ABOUT THIS EXERCISE ▸
Beginning at the line containing "周辺：春日部市立豊春中学校まで約1520m（徒歩19分）", give again every line through the end of the data, unchanged and with both ends included. Drop any pictures.

Stored items
━━━━━━━━

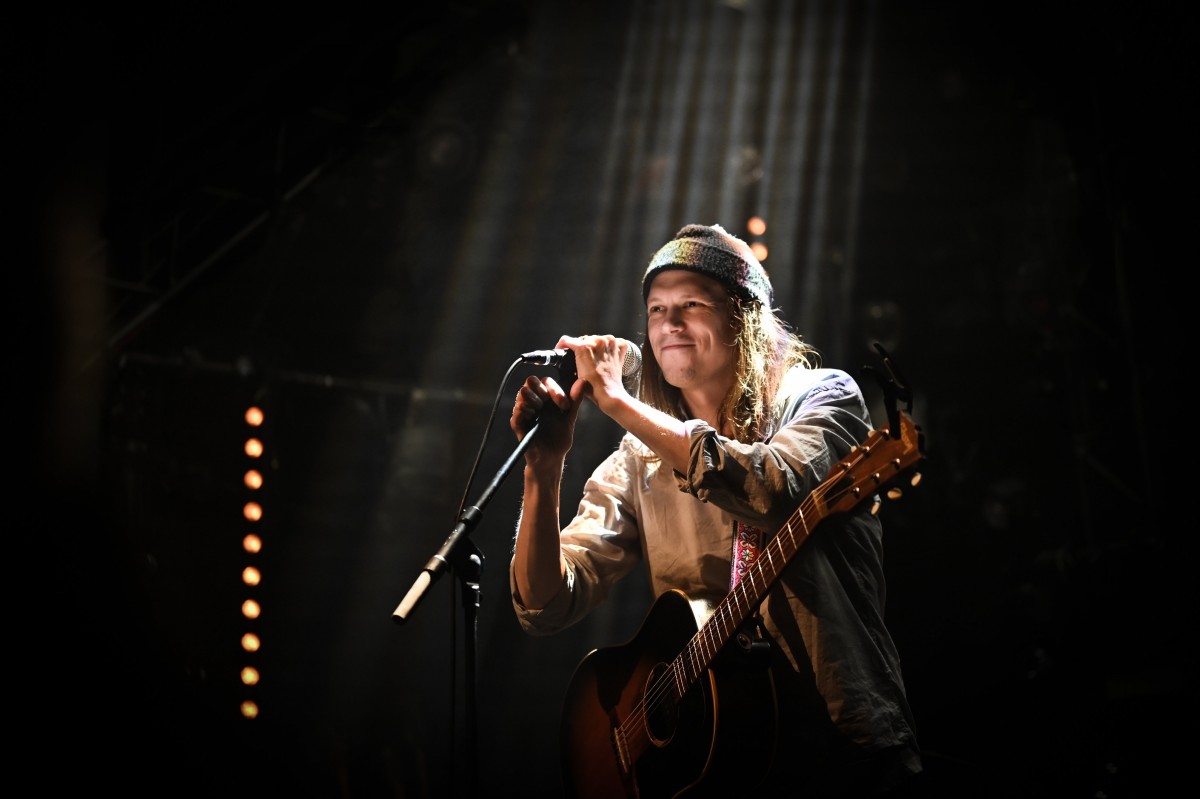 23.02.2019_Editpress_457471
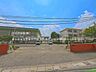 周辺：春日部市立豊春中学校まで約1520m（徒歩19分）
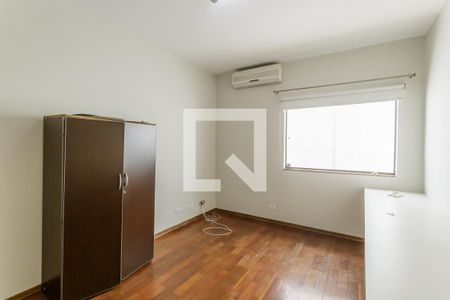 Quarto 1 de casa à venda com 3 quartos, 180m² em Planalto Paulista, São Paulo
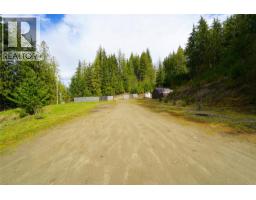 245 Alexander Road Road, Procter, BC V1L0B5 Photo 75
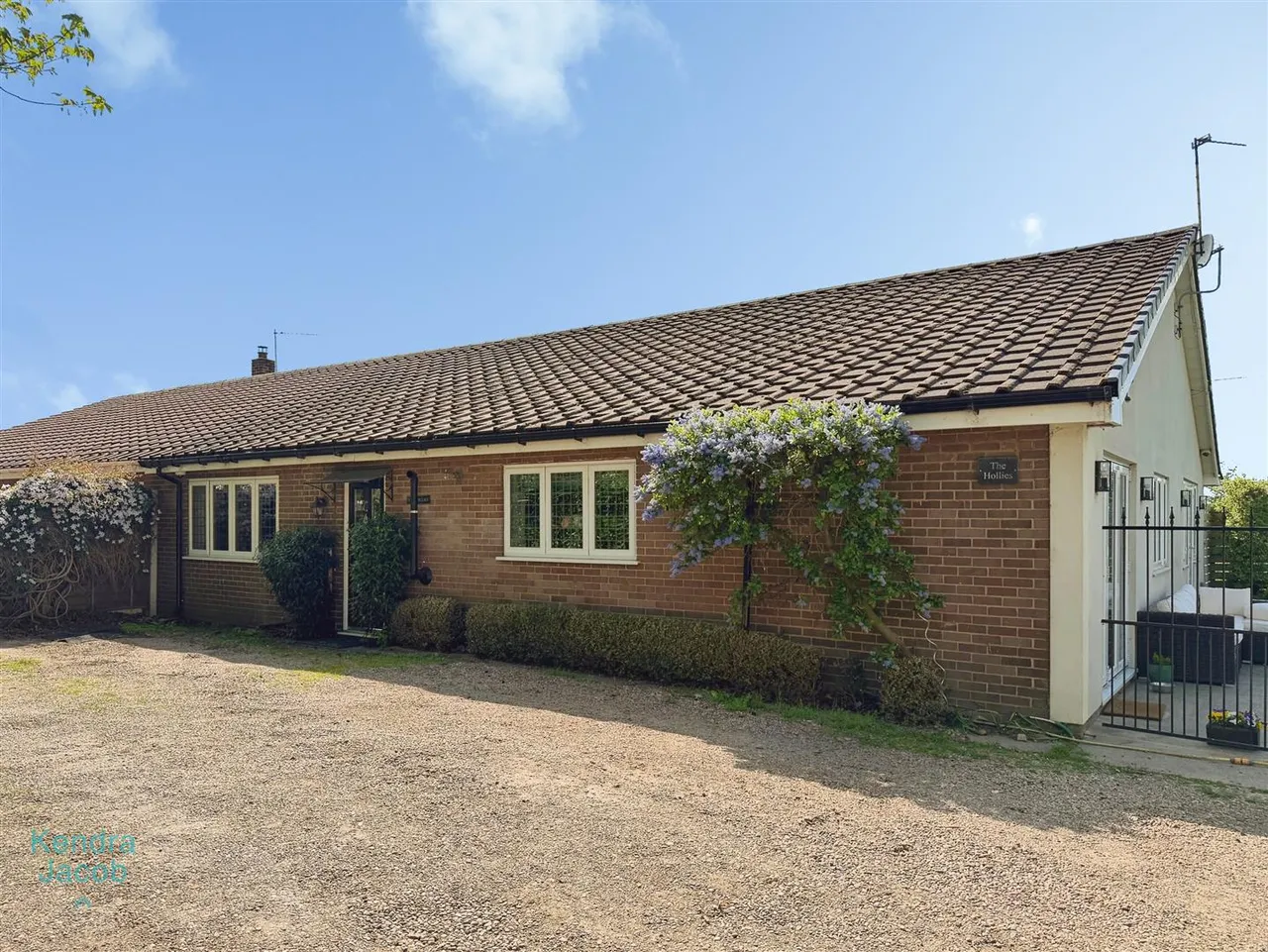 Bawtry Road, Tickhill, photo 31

━━━━━━━━

PROBLEM SOLUTION ▸
 周辺：春日部市立豊春中学校まで約1520m（徒歩19分）
 Quarto 1 de casa à venda com 3 quartos, 180m² em Planalto Paulista, São Paulo
 245 Alexander Road Road, Procter, BC V1L0B5 Photo 75
 Bawtry Road, Tickhill, photo 31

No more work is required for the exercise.